Question

write the converse, inverse, and contrapositive of the true conditional statement. determine whether the related conditional is true or false. if a statement is false, then find a counterexample. geometry if two angles are complementary, then the angles are acute. converse: if select choice, then select choice. counterexample: you have two acute angles, and the sum of the measures of the angles select choice 90°. the converse is select choice. inverse: if two angles are not complementary, then the angles select choice acute. counterexample: you have two acute angles, and the sum of the measures of the angles select choice 90°. the inverse is select choice. contrapositive: if you have two angles that are not acute, then the angles select choice complementary. the contrapositive is select choice.

Explanation:

Step1: Define converse

The converse of a conditional statement "if p then q" is "if q then p". For the statement "If two angles are complementary, then the angles are acute", the converse is "If two angles are acute, then the angles are complementary".

Step2: Analyze converse truth - value

An acute angle has a measure between 0° and 90°. For example, two acute angles of 30° and 40° have a sum of 70°≠90°. So, if you have two acute angles, the sum of the measures of the angles may not be 90°. The converse is false.

Step3: Define inverse

The inverse of "if p then q" is "if not p then not q". So the inverse of "If two angles are complementary, then the angles are acute" is "If two angles are not complementary, then the angles are not acute".

Step4: Analyze inverse truth - value

Counter - example: Consider two acute angles of 30° and 50°. They are not complementary (since 30 + 50=80≠90), but they are acute. So the inverse is false.

Step5: Define contrapositive

The contrapositive of "if p then q" is "if not q then not p". So the contrapositive of "If two angles are complementary, then the angles are acute" is "If two angles are not acute, then the angles are not complementary".

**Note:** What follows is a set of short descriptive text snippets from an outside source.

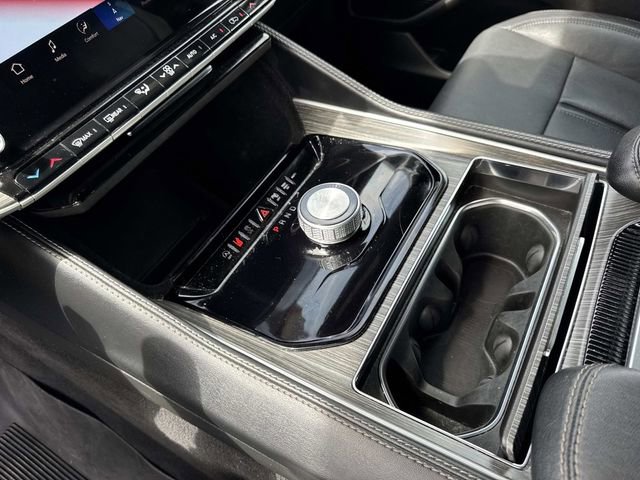 Used 2024 Jeep Wagoneer L Series II w/ Flexible Seating Group RWD image 31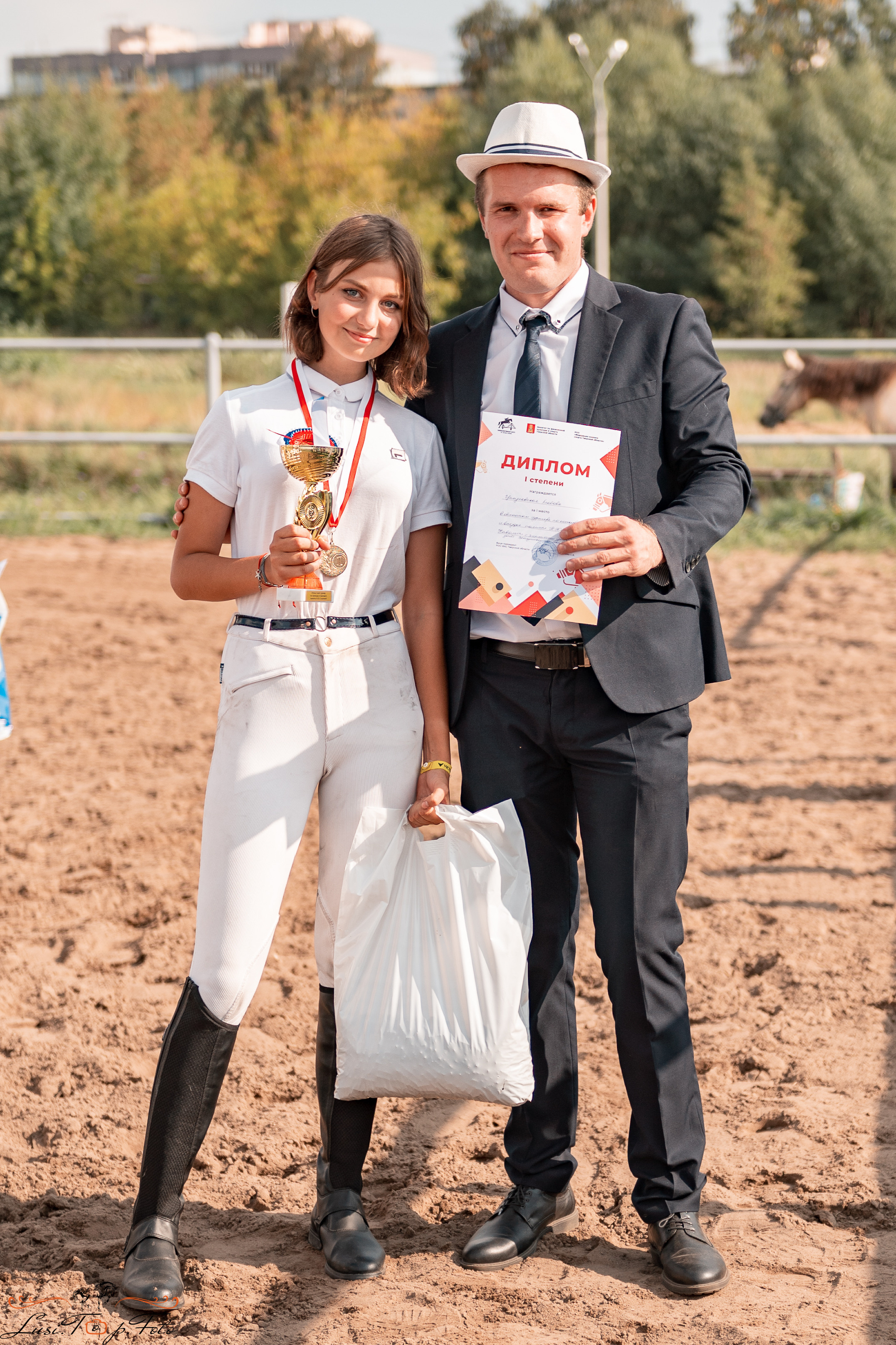 Турнир по выездке и конкуру памяти Н. Ю. Серовой (второй день — конкур). Конный и фотограф с животными в Твери Топталова Люся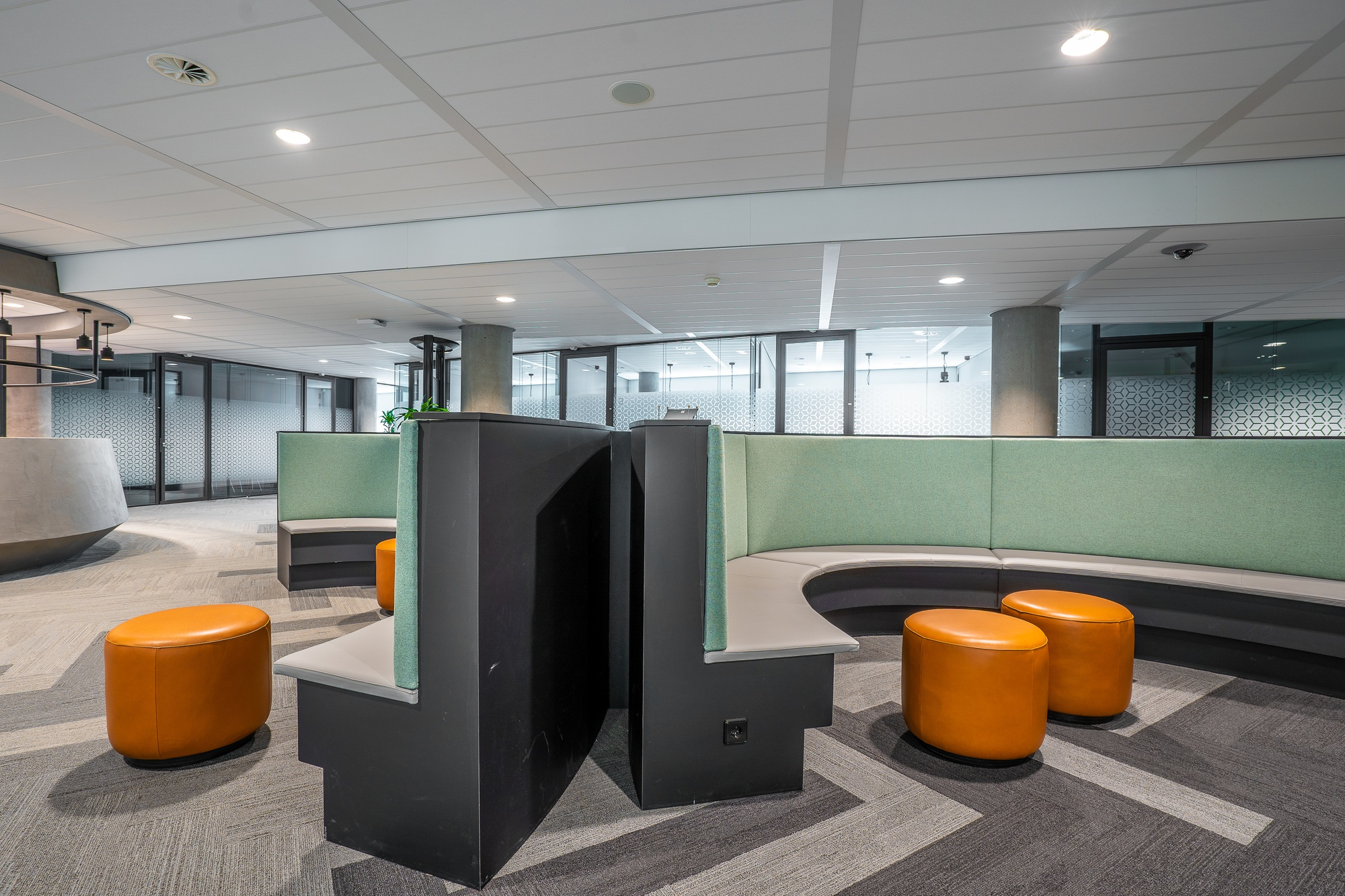 Why 8 out of 10 UK Business Owners Choose Glass Partitions for Modern Office Design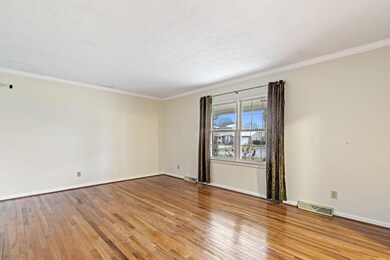 1354 Darcann Drive-Formal Living
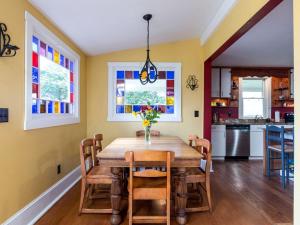 Breathtaking Cottage Rental on 100 Acres on the Shenandoah River, Virginia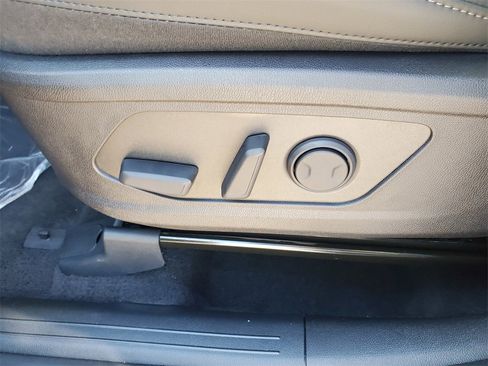 New 2026 Kia Sorento S image 7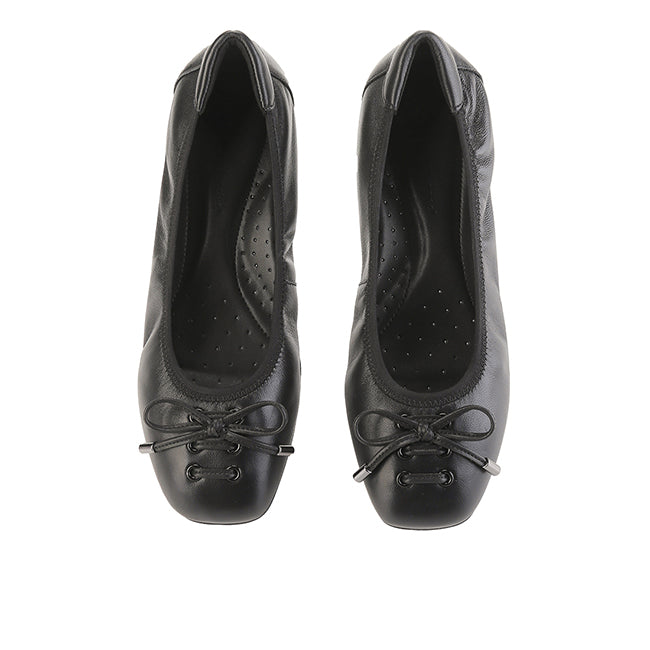Flats Molly Lace In Black
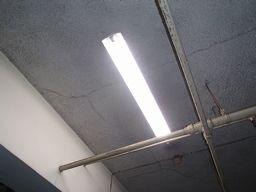 愛知県名古屋市 テナント事務所ビル 地下駐車場天井照明器具取替え交換工事画像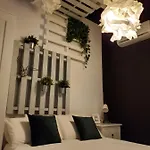 Small And Cozy - G 아파트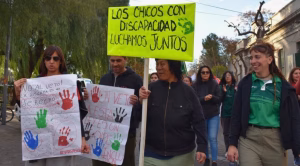 Jubilados, Centros de día y terapéuticos protestaron contra el Veto de Milei en San Luis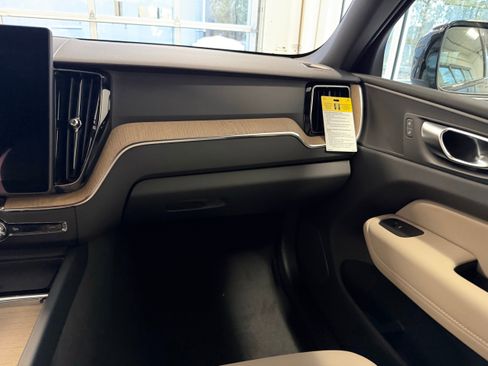 New 2026 Volvo XC60 T8 Plus w/ Protection Package Premier image 23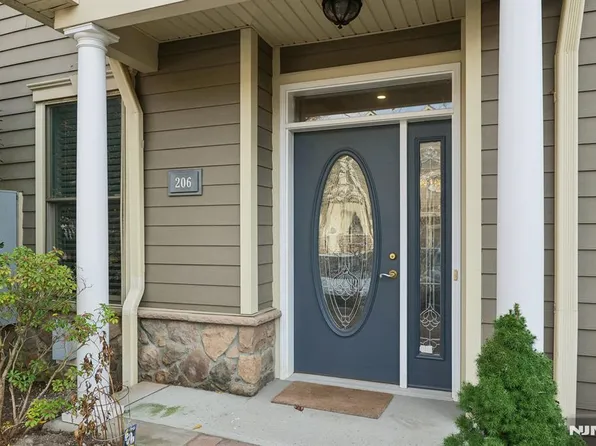 206 Whitney Ln #206, Allendale, NJ 07401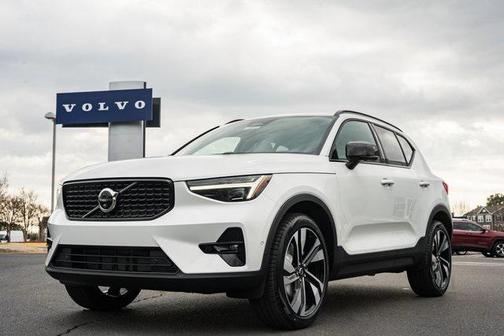 2026 Volvo XC40 Ultra, B5 AWD Gas (mild hybrid), Dark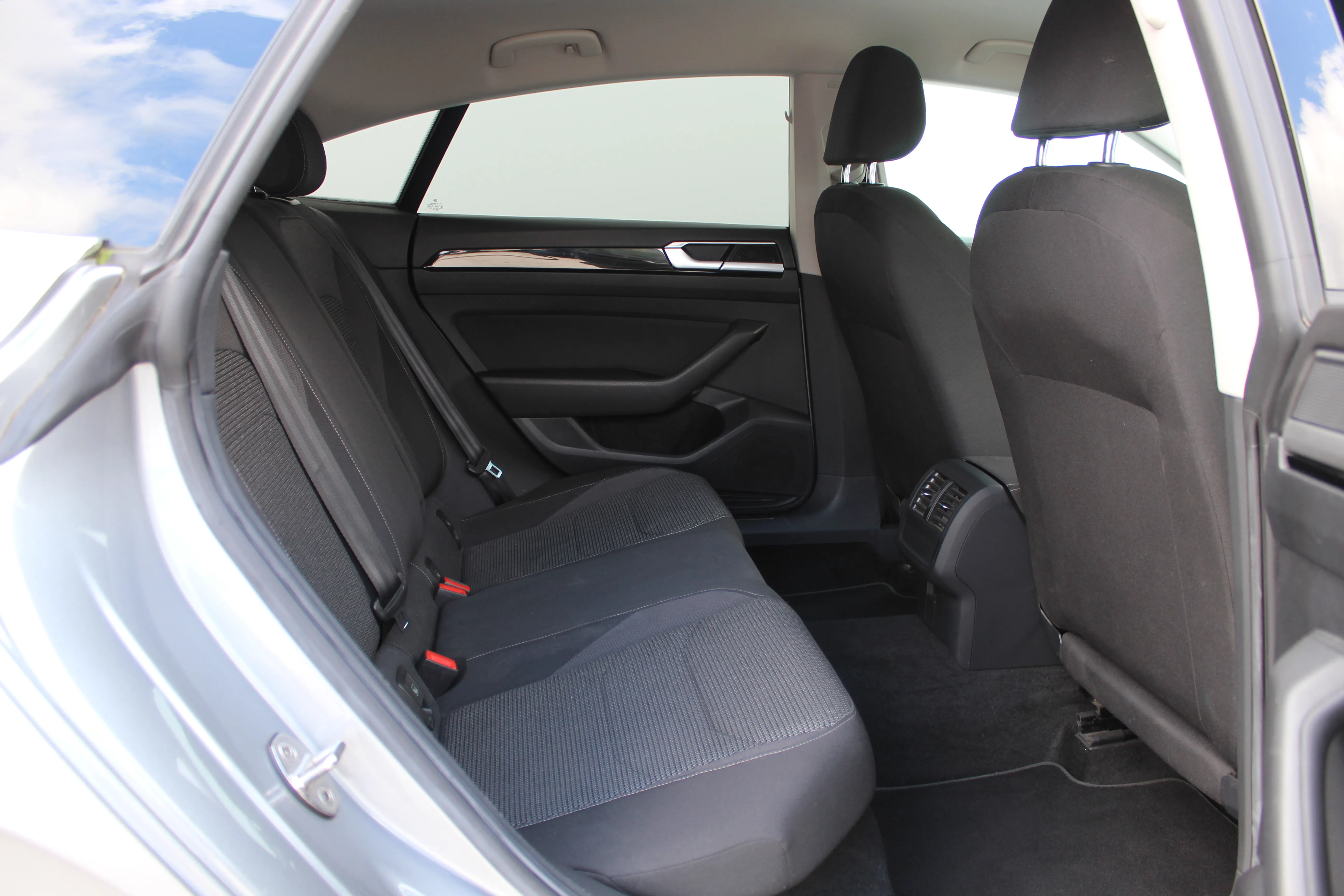 13152 volkswagen arteon 2.0 tdi elegance - slika 13
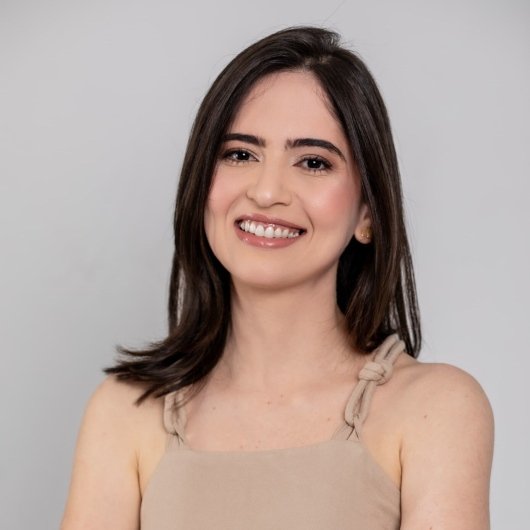Dra. Natália Menezes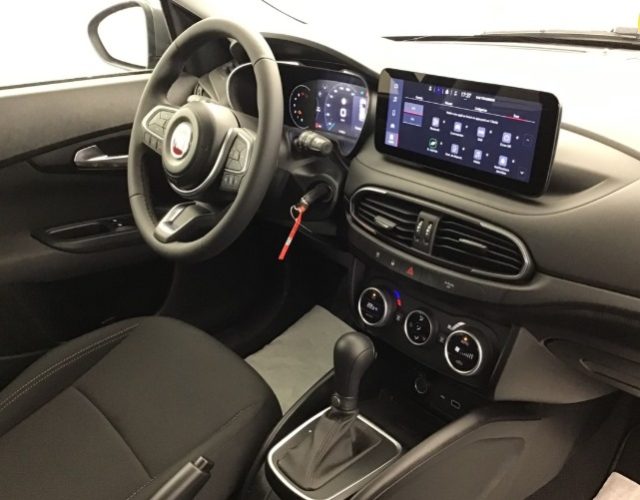 FIAT Tipo usata, con Touch screen
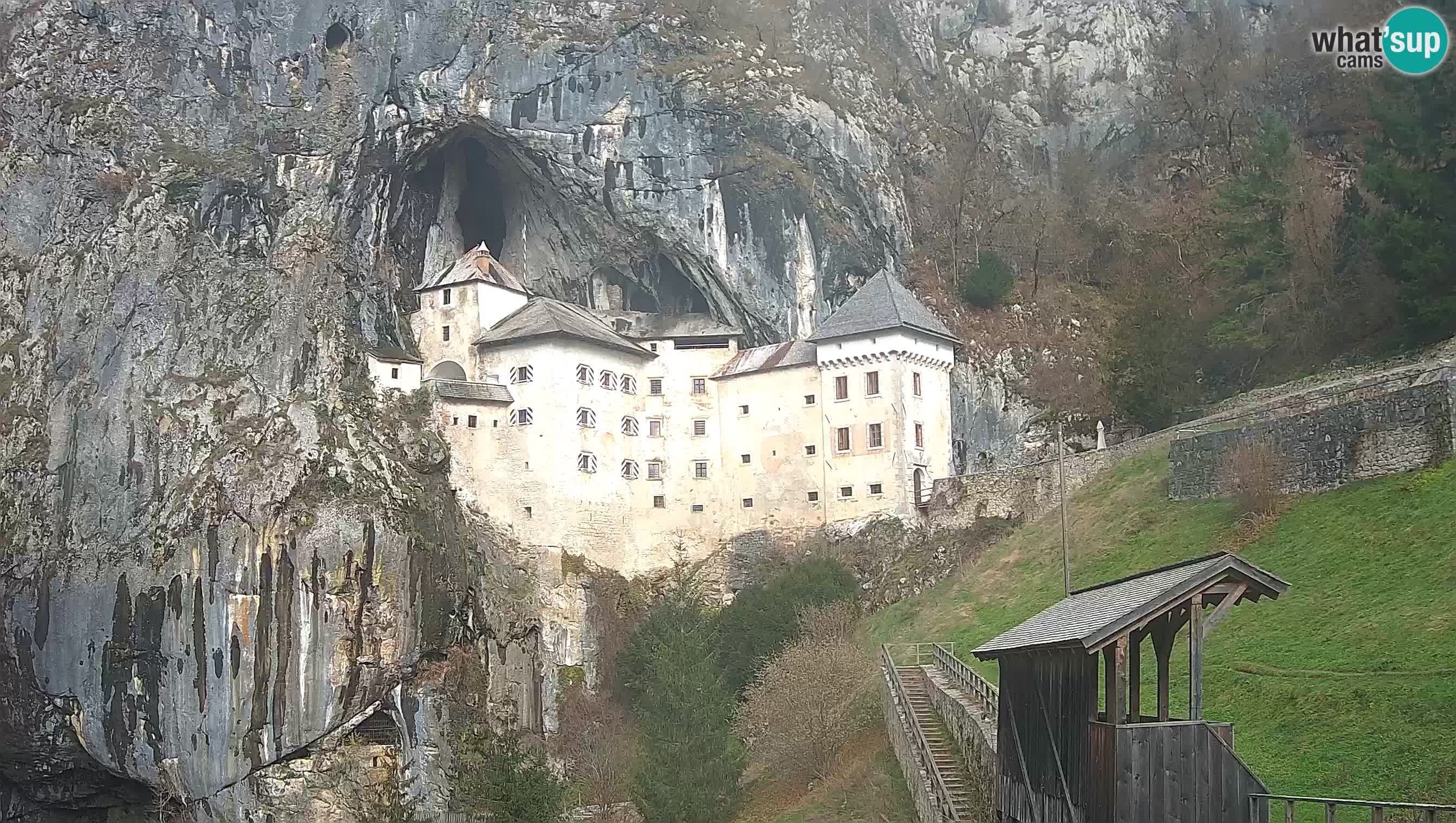 Camera en vivo Castillo de Predjama – Postojna – Eslovenia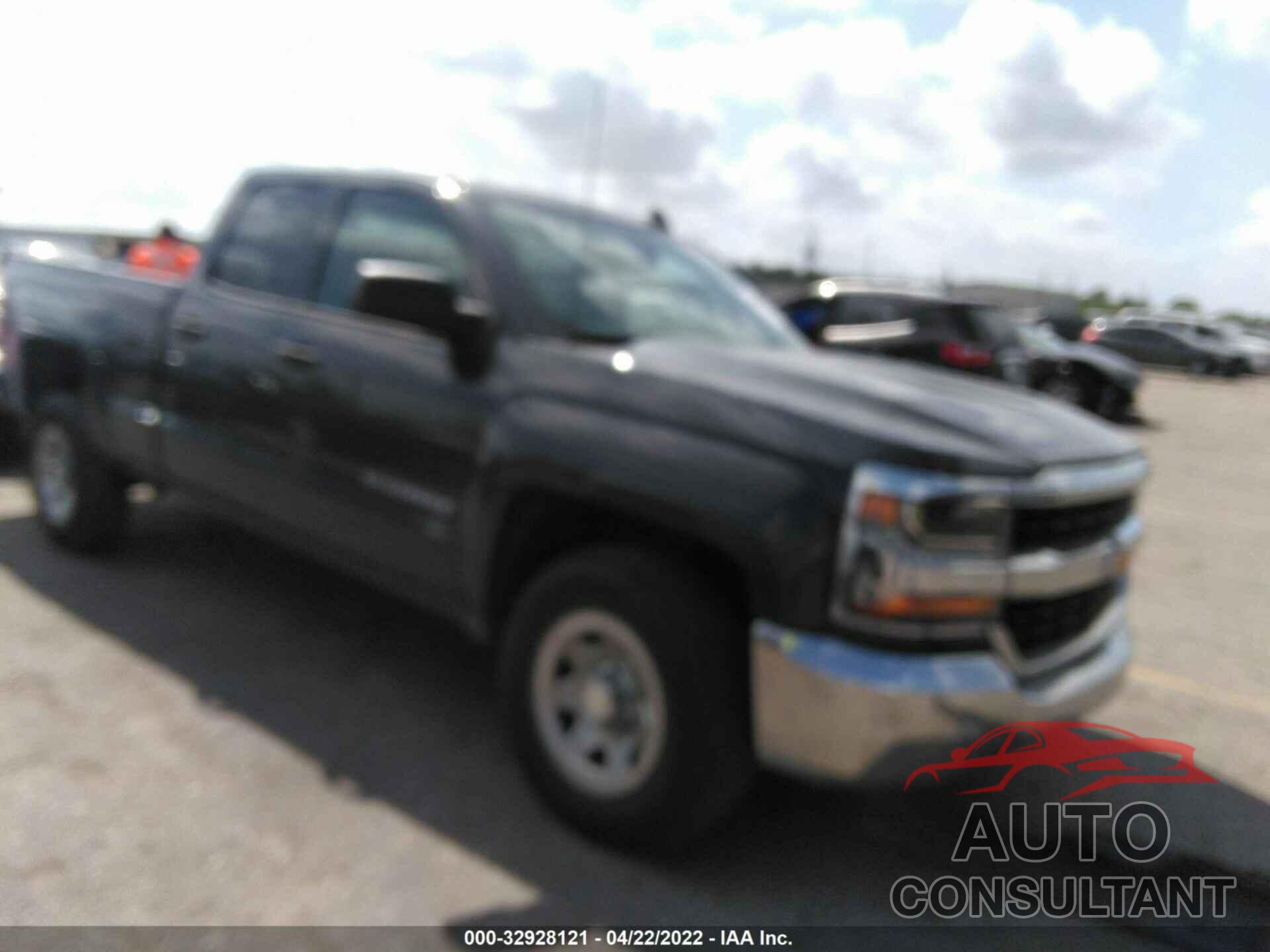 CHEVROLET SILVERADO 1500 2017 - 1GCRCNEC8HZ300617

Step6: Analyze contrapositive truth - value

If an angle is not acute (i.e., it is a right angle (90°) or an obtuse angle (greater than 90°)), then the sum of two such non - acute angles will be greater than or equal to 90°. So they cannot be complementary (since complementary angles sum to 90°). The contrapositive is true.

Answer:

Converse: If two angles are acute, then the angles are complementary. False. Counterexample: Two acute angles with measures 30° and 40° (sum is 70°≠90°).
Inverse: If two angles are not complementary, then the angles are not acute. False. Counterexample: Acute angles of 30° and 50° (not complementary but acute).
Contrapositive: If two angles are not acute, then the angles are not complementary. True.